- _AIM OF THE EXERCISE_: Where a picture occurs in the data, omit it, and copy all remaining data exactly.

- _AVAILABLE DATA_:
━━━━━━━━
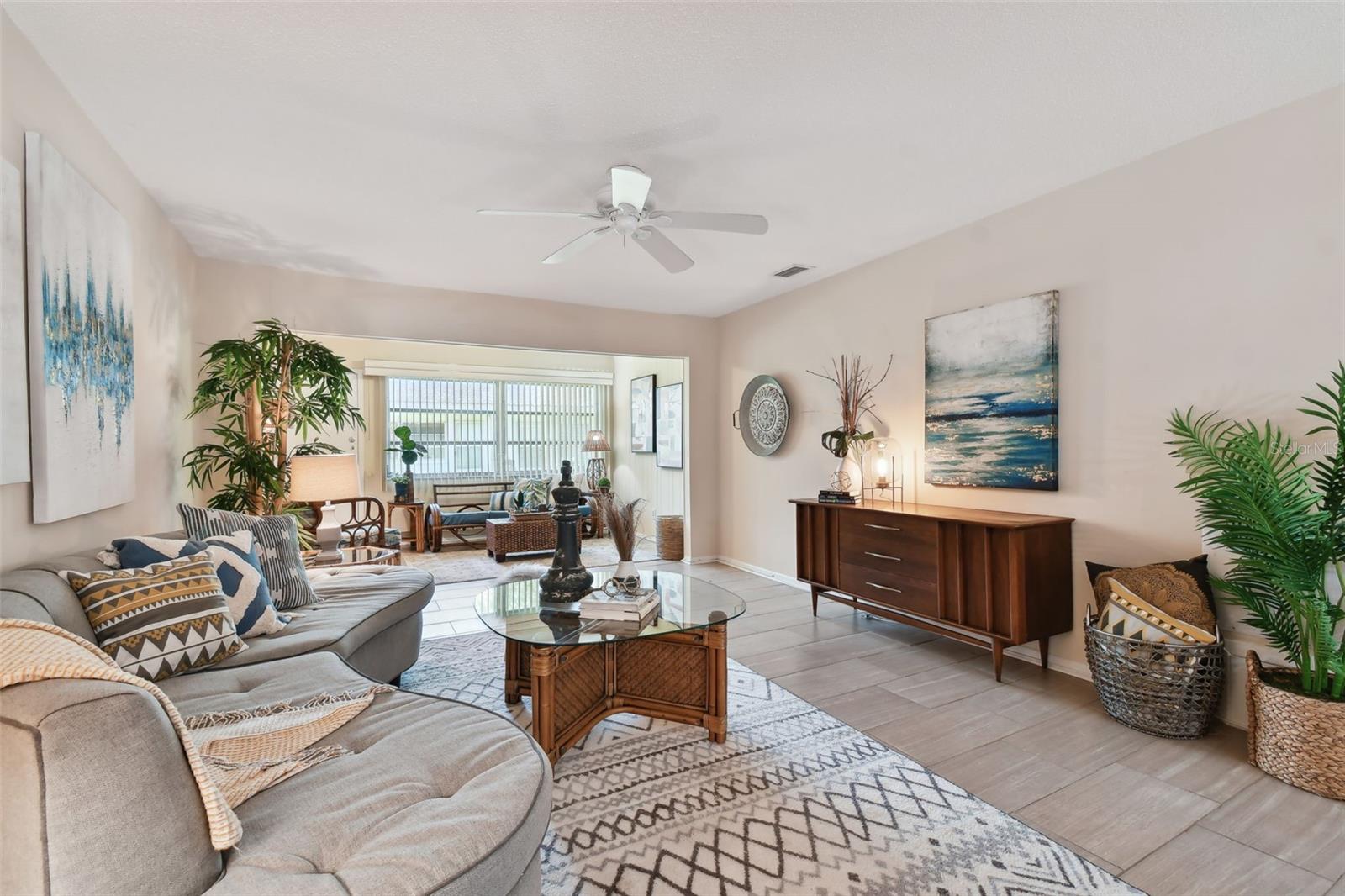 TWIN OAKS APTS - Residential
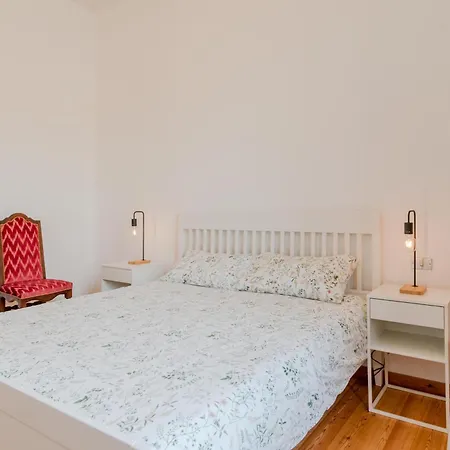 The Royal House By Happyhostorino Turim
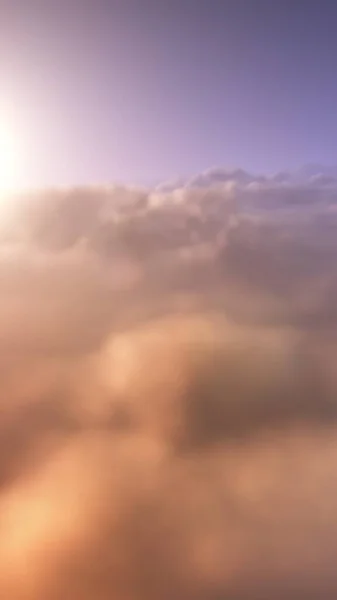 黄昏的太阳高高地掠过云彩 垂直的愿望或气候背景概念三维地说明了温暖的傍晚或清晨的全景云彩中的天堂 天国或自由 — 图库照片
━━━━━━━━
- _THE ANSWER_:
 TWIN OAKS APTS - Residential
 The Royal House By Happyhostorino Turim
 黄昏的太阳高高地掠过云彩 垂直的愿望或气候背景概念三维地说明了温暖的傍晚或清晨的全景云彩中的天堂 天国或自由 — 图库照片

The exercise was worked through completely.